Il termine dependability definisce l'affidabilità percepita nel tempo, che include problemi software, qualità costruttiva, integrazione tecnologica ed esperienza dell'utente. L’indicatore utilizzato è il PP100, acronimo di Problems Per 100 Vehicles. Rappresenta il numero medio di problemi segnalati ogni 100 vetture dopo tre anni di utilizzo. È una metrica empirica e comparativa; più il valore è basso, maggiore è la dependability.Il punto critico non è più il motore, ma l’infotainment. Tale categoria pesa per 56,7 PP100, risultando di gran lunga la principale fonte di insoddisfazione. Il problema numero uno per il terzo anno consecutivo è la connettività tra auto e smartphone, in particolare Android Auto e Apple CarPlay, che da sole valgono 8,9 PP100. Seguono i sistemi Bluetooth integrati (5,5), le basi di ricarica wireless (5,1) e la connettività delle app proprietarie dei costruttori (4,7). Quattro delle cinque principali criticità riguardano dunque l’integrazione con il telefono cellulare, un ecosistema ibrido in cui convivono software originario, sistemi operativi automotive, aggiornamenti dei fornitori tecnologici e versioni dei sistemi operativi mobili. Ogni punto di contatto è un potenziale punto di frizione e nemmeno gli aggiornamenti over-the-air stanno risolvendo il problema. Il 40% dei proprietari ha ricevuto un aggiornamento nell’ultimo anno, ma solo il 27% ha dichiarato di aver percepito un miglioramento concreto; il 58% non ha riscontrato alcun beneficio. In alcuni casi, gli stessi aggiornamenti hanno generato nuovi inconvenienti, contribuendo a un incremento stimato di 2,5 PP100.

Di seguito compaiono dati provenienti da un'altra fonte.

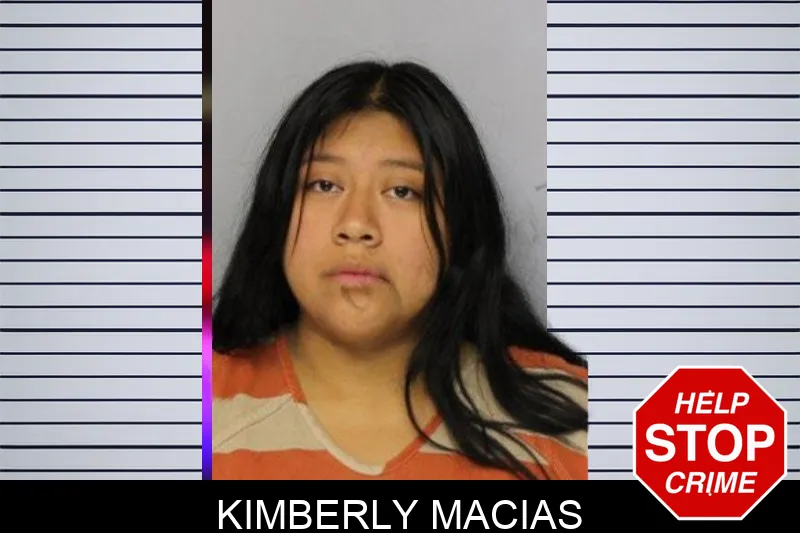 Kimberly Macias mugshot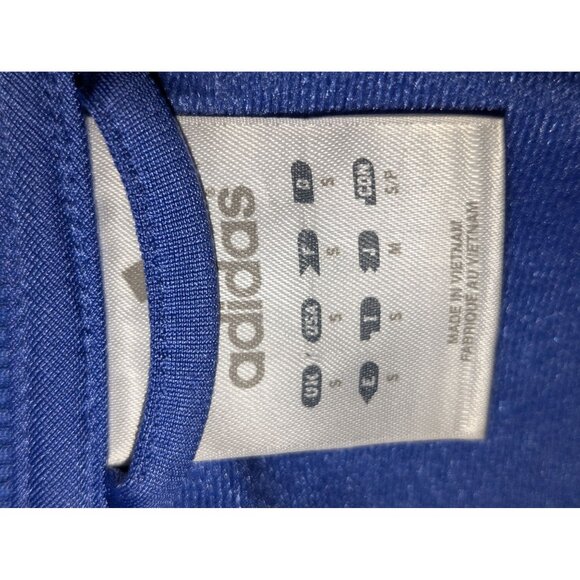 Adicolor Energy Ink Style Classics 80s 3 Stripe Firebird Track Top Women's Size - Picture 4 of 4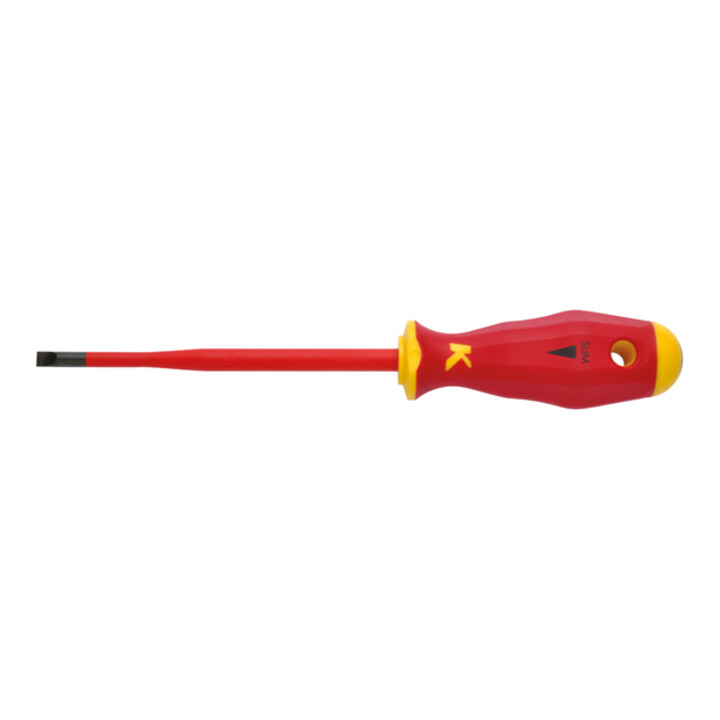Klauke Tournevis fendu 125 mm 5,5x1 mm KL10012555ISLIM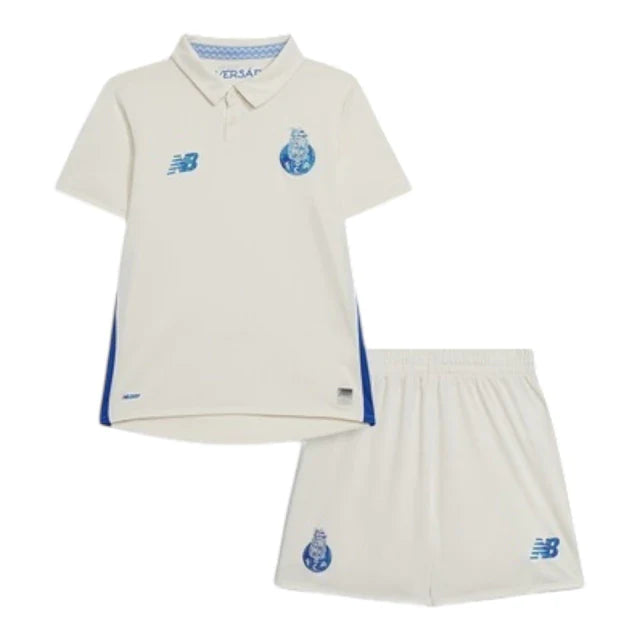 Conjunto Infantil Porto 25-26 - Third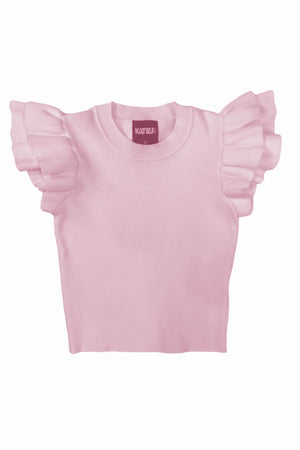 Baby Pink Isla Top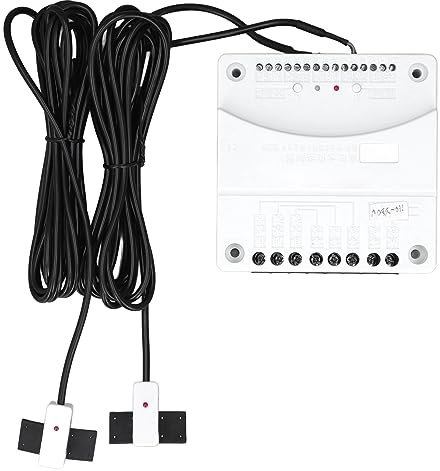 Marhynchus Water Level Controller, Non Contact Automatic Sensor for High Low Liquid Management, AC110V, Ideal for Liquid Tanks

L'elettrificazione aggiunge poi un ulteriore livello di complessità. Le plug-in hybrid risultano le più problematiche con 281 PP100, segnando un aumento significativo su base annua, mentre le vetture a benzina tradizionali si fermano a 198 PP100. Più sistemi di gestione energetica, più interfacce digitali e più integrazioni significano inevitabilmente più variabili da controllare.

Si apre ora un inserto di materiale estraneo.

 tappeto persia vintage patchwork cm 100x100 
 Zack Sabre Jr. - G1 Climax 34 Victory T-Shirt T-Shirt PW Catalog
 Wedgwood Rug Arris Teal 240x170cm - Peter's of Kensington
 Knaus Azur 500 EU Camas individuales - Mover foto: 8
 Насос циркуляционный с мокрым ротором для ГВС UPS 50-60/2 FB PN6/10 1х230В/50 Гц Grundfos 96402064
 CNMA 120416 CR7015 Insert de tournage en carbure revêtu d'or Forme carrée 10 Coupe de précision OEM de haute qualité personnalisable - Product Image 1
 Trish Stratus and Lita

Il quadro che emerge non racconta quindi di automobili meno sicure o meccanicamente più fragili, ma piuttosto di una nuova definizione di affidabilità. Oggi non basta che un motore superi i 200 mila chilometri, perché l’utente valuta la stabilità della connessione, la fluidità dell’interfaccia, la coerenza degli aggiornamenti. L’auto è diventata un dispositivo digitale complesso e, come ogni dispositivo connesso, è esposta a bug, incompatibilità e cicli di aggiornamento imperfetti. Finché l’industria non raggiungerà nel software la stessa maturità industriale conquistata nella meccanica, il PP100 continuerà a ricordare che l’innovazione, senza integrazione impeccabile, può trasformarsi in continua fonte di problemi.